- Country: Turkey
- Province: Trabzon
- District: Dernekpazarı
- Population (2022): 156
- Time zone: UTC+3 (TRT)

= Tüfekçi, Dernekpazarı =

Tüfekçi (Αρσέλα) is a neighbourhood of the municipality and district of Dernekpazarı, Trabzon Province, Turkey. Its population is 156 (2022).

"Tüfekçi" literally means "riflemen" or "gunsmith" in Turkish, evidently referring to the profession of at least some early inhabitants of the village.

Tüfekçi's older name was Arsela. Perhaps coincidentally, a village named Arşela existed on the west coast of the Black Sea.

Arsela is a place that was mentioned in a panegyric text written for the Thracian god Sabazius.
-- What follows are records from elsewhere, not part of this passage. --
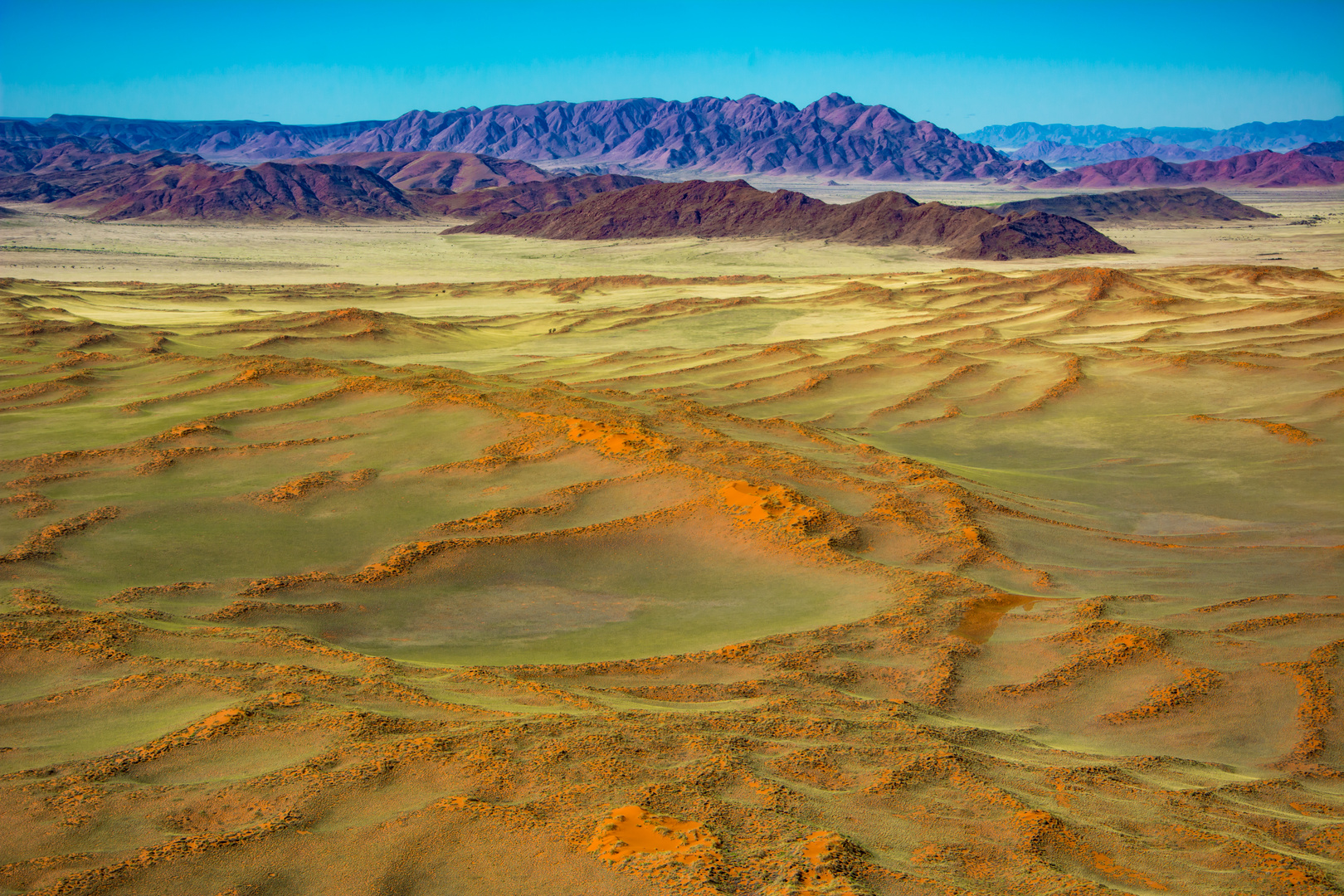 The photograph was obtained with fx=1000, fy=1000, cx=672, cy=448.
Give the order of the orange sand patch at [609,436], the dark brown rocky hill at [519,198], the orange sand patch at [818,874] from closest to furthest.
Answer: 1. the orange sand patch at [818,874]
2. the orange sand patch at [609,436]
3. the dark brown rocky hill at [519,198]

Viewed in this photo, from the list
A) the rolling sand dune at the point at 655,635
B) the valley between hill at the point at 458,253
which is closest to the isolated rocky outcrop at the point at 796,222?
the valley between hill at the point at 458,253

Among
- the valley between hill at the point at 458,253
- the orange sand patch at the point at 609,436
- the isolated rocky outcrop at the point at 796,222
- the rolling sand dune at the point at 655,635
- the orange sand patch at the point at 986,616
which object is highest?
the isolated rocky outcrop at the point at 796,222

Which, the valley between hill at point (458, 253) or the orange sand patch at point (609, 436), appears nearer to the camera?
the orange sand patch at point (609, 436)

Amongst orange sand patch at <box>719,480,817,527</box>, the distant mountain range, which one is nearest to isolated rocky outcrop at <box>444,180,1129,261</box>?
the distant mountain range

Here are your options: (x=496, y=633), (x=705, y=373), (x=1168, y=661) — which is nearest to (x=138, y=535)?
(x=496, y=633)

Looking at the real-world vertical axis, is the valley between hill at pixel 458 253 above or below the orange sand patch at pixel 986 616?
above

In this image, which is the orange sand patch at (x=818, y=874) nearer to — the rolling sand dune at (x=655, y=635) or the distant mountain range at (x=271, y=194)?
the rolling sand dune at (x=655, y=635)

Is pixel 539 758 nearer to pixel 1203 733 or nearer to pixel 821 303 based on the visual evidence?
pixel 1203 733

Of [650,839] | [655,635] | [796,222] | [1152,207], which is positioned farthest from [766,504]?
[1152,207] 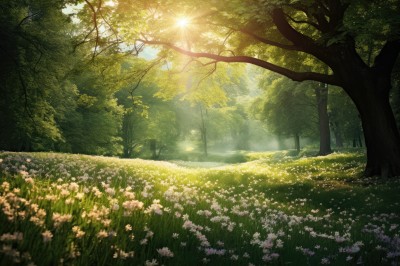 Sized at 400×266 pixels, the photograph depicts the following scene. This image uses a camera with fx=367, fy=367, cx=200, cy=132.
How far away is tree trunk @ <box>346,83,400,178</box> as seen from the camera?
1588cm

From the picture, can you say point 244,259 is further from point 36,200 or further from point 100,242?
point 36,200

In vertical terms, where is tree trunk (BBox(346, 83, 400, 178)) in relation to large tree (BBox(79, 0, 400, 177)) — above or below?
below

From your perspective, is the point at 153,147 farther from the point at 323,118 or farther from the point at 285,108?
the point at 323,118

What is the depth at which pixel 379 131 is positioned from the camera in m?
16.1

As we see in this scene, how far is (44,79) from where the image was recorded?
2509 centimetres

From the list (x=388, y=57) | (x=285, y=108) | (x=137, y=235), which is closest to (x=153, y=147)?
(x=285, y=108)

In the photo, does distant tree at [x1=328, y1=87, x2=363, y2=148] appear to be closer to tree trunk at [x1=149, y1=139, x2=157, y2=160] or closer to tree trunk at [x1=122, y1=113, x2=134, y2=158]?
tree trunk at [x1=122, y1=113, x2=134, y2=158]

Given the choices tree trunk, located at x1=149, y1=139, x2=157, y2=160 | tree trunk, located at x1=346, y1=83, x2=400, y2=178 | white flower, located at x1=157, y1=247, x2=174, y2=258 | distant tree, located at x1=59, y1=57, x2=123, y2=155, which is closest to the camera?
white flower, located at x1=157, y1=247, x2=174, y2=258

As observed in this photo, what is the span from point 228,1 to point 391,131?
936 cm

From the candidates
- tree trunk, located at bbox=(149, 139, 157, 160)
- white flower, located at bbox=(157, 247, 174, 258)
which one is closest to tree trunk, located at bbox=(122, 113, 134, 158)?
tree trunk, located at bbox=(149, 139, 157, 160)

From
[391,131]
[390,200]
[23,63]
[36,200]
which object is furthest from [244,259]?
[23,63]

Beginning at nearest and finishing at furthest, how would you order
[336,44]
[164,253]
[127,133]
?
[164,253], [336,44], [127,133]

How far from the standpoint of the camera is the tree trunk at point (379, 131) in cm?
1588

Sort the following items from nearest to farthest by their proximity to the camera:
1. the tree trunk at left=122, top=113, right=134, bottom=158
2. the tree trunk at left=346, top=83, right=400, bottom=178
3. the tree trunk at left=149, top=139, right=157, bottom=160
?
the tree trunk at left=346, top=83, right=400, bottom=178, the tree trunk at left=122, top=113, right=134, bottom=158, the tree trunk at left=149, top=139, right=157, bottom=160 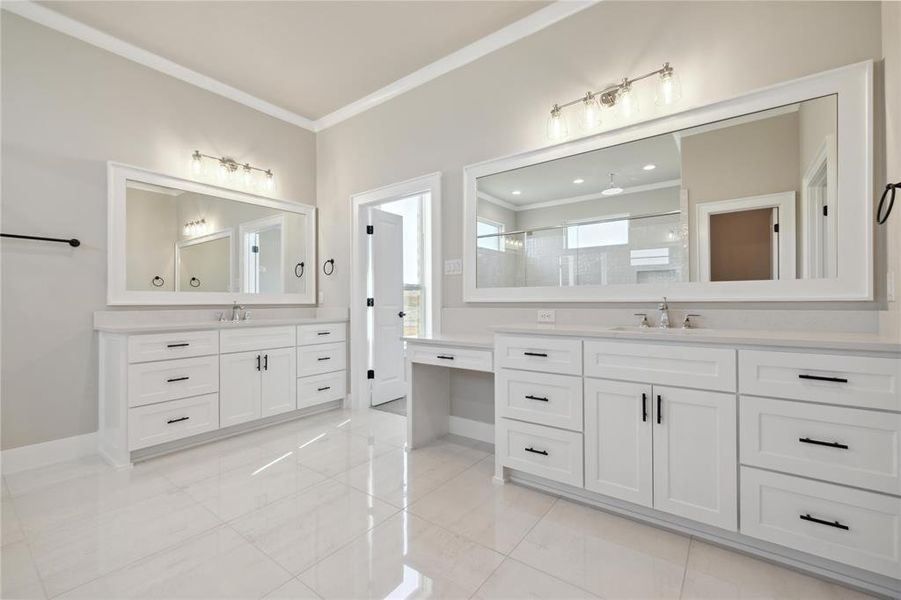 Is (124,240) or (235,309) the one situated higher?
(124,240)

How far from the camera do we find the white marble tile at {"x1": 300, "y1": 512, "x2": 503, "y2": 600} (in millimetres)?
1419

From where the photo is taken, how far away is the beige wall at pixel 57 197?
247 centimetres

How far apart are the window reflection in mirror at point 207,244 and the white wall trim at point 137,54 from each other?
0.92m

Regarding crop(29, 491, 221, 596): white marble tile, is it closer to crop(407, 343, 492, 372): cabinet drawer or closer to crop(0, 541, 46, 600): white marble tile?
crop(0, 541, 46, 600): white marble tile

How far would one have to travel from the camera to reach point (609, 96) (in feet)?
7.72

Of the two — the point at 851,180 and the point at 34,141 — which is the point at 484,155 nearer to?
the point at 851,180

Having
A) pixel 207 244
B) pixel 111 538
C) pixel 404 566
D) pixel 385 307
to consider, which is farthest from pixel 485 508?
pixel 207 244

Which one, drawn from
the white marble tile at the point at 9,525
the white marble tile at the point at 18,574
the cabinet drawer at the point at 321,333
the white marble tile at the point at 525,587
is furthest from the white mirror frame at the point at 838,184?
the white marble tile at the point at 9,525

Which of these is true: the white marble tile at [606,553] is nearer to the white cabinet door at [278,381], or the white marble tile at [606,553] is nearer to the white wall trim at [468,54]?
the white cabinet door at [278,381]

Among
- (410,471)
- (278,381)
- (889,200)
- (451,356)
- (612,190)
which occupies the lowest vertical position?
(410,471)

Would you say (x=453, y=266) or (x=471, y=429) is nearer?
(x=471, y=429)

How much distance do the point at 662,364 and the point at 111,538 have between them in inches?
98.5

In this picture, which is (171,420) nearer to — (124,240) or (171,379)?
(171,379)

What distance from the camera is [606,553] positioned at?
162cm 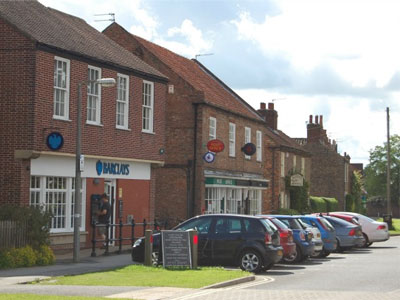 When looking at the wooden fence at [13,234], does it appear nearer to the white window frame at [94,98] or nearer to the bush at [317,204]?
the white window frame at [94,98]

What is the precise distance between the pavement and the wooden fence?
3.11 ft

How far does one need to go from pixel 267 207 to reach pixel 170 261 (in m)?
30.6

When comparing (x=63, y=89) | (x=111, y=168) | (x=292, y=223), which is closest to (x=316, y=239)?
(x=292, y=223)

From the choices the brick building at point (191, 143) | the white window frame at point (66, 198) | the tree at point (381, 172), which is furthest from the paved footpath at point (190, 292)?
the tree at point (381, 172)

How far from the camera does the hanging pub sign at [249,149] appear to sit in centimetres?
4312

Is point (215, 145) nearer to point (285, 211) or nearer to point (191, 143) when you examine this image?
point (191, 143)

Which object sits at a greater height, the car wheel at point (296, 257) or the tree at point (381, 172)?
the tree at point (381, 172)

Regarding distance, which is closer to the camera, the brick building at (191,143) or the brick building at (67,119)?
the brick building at (67,119)

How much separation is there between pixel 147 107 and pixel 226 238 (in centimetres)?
1196

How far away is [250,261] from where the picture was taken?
70.6 ft

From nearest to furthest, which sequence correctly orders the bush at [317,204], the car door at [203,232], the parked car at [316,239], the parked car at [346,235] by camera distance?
1. the car door at [203,232]
2. the parked car at [316,239]
3. the parked car at [346,235]
4. the bush at [317,204]

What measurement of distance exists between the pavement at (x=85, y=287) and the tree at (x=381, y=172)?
355 ft

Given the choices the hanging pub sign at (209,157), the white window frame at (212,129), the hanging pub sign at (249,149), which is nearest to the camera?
the hanging pub sign at (209,157)

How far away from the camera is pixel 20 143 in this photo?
83.0 ft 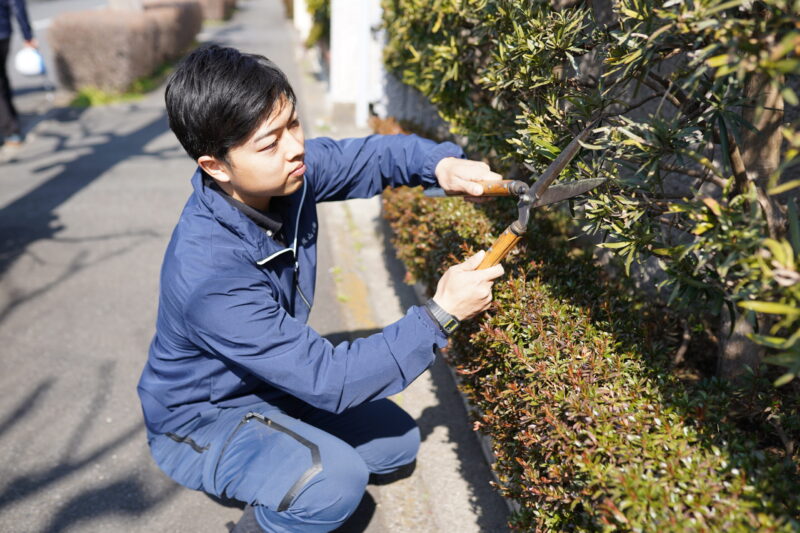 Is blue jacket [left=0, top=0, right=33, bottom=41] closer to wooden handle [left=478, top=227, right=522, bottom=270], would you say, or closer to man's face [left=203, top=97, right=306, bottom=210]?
man's face [left=203, top=97, right=306, bottom=210]

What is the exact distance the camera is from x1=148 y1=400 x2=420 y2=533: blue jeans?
7.45 feet

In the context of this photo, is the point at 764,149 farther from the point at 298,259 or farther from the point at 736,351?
the point at 298,259

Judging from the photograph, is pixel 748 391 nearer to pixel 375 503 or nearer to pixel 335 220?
pixel 375 503

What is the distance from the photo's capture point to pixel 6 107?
7.82 meters

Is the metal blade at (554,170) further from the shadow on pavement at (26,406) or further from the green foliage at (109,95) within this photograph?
the green foliage at (109,95)

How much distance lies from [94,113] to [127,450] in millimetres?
8447

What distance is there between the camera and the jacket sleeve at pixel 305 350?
2.07 metres

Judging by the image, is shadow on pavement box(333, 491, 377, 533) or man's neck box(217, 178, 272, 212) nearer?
man's neck box(217, 178, 272, 212)

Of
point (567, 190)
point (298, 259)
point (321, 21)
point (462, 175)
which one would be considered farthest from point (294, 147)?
point (321, 21)

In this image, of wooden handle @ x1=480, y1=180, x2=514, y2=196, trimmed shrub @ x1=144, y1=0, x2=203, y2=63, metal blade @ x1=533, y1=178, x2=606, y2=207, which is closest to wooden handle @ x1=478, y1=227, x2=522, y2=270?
metal blade @ x1=533, y1=178, x2=606, y2=207

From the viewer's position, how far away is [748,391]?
88.7 inches

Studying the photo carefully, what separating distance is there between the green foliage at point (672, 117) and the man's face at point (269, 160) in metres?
0.86

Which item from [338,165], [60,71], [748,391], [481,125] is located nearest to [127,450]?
[338,165]

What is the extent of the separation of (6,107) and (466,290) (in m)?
7.92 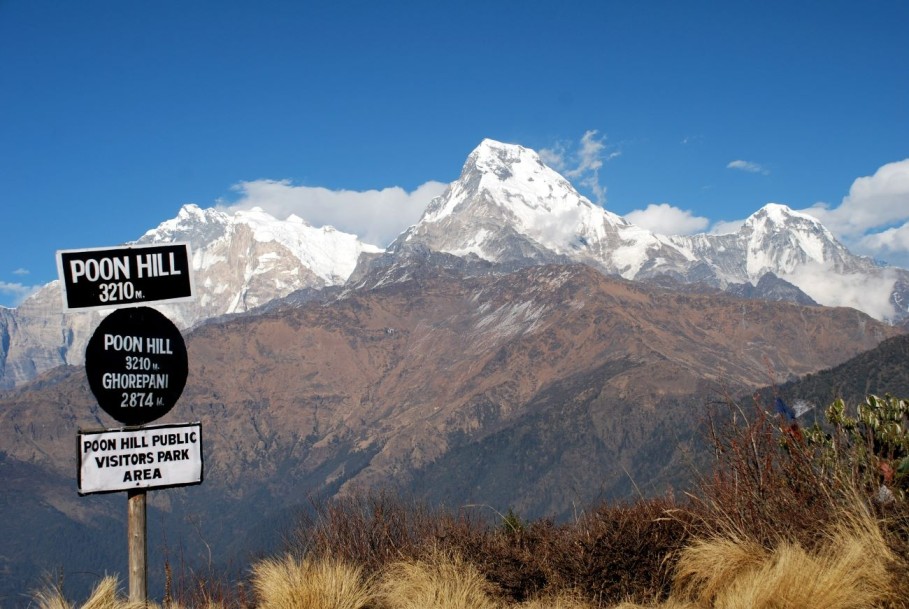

It takes the form of Arselenos on another epitaph, which was found in Nova Zagora.

Ivan Duridanov has claimed that the river names Arsio, Arse in Old Prussia, Arsen and Arsia in Latvia and Arsina in Germany are derivation of the root ors-, ers “(for water) flow, damp” in the Indo-European language family (Hindi arşati) and ars- in the Thracian language.

He connected these words to place names such as Arsa, Arsaza, Arsena, Arsila in Dacia (an ancient region in Romania covering territories north and west of Arsela) (Duridanov, 1976).

A more recent use of the name is Arsela Peak in Antarctica, named after the named after the Thracian settlement of Arsela in Southern Bulgaria.